Right off the bat, the financial impact of embracing the cloud can seem quite startling, especially for businesses that fall below Enterprise level. One of the major problems faced by SMEs would be in maintaining an adequate IT staff to run their servers. Putting their data and applications on the Cloud service vendor's remote servers allows these businesses to benefit from substantial reduction in costs. The vendor is the one who incurs the total cost of infrastructure maintenance. And since vendors service numerous customers on the same cloud architecture, these sizeable maintenance costs can be offset by the fees collected from their total customer base, with minimized burden on individual clients.

And it is not just about cutting expenses

Though a cardinal virtue, being cheap should not be the only reason for businesses to invest in a particular technology. And data management in the Cloud offers several key benefits, with greater flexibility and elasticity being one of the most significant. Look at it this way: once you install a particular server array and ancillary networking infrastructure, its maintenance expense remains constant while there is no guarantee that the infrastructure will be constantly used at 100% of its potential. Recent experience has shown that in online data management, standard deviation in load is much higher than what it was just a decade ago. For businesses, the focus is now on making their databases more scalable and elastic. Cloud computing allows you just that. It makes more economical sense for SMEs with limited financial resources to migrate their data to Cloud environments since they offer highly flexible and often tailor made services.

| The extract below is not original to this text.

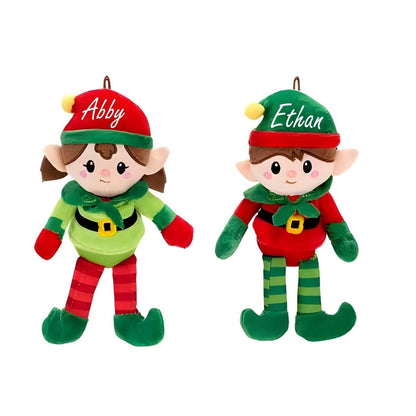 Two Christmas elves plush ornament dolls with custom names on hats sitting on white background. Little Gift Nook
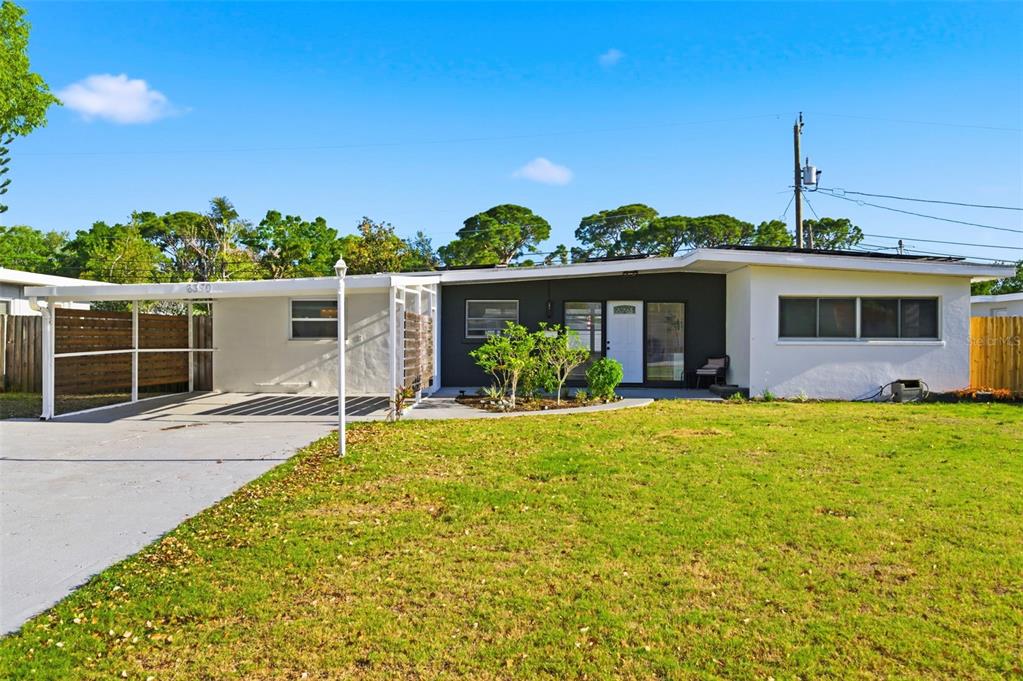 A single-story house with a white exterior, a dark accent wall, and an attached carport — 6350 HAMPTON DRIVE N, ST PETERSBURG, FL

The definition of an ideal Cloud computing services vendor

For a dependable benchmark on what cloud computing should be, the US Government's National Institute of Standards and Testing (NIST) offers a good starting point. NIST has five major criteria to define cloud computing: on-demand self-service, broad network access, resource pooling, rapid elasticity and measured service. And ideal cloud services vendor would be one that scores high on all the above five standards. With the public cloud IT market poised to cross $100 billion in the coming years, a host of major and minor players have emerged in what is promising to be a very wide market with a lot of depth. They include the likes of AWS, Salesforce.com, Verizon/Terremark and VMWare. Let us take a look at one among them, Orion System Integrators Inc., to get an idea of what kind of services businesses can expect from a cloud services vendor.

Based in Monmouth, NJ, the company has an international footprint with several data centers in India and Chile along with a few more based in the US. The company is well connected, being multi-certified Microsoft Partner with tie-ins with the likes Amazon Web Services and Google App Engine. Their approach towards customers seems to be quite flexible enough. For example, businesses have the option to choose private cloud architecture or public cloud or even a Service Provider Cloud setup based on their requirements. They offer cross-platform compatibility which more of a norm than an exception these days. System Integration and Telecom network are key areas where the company claims core competency. With the kind of resources at their disposal, Orion System Integrators seems to be geared towards addressing the needs of both SMEs as well Enterprise level customers. As to whether that is good thing, especially for the interests of the smaller clients is a debatable question.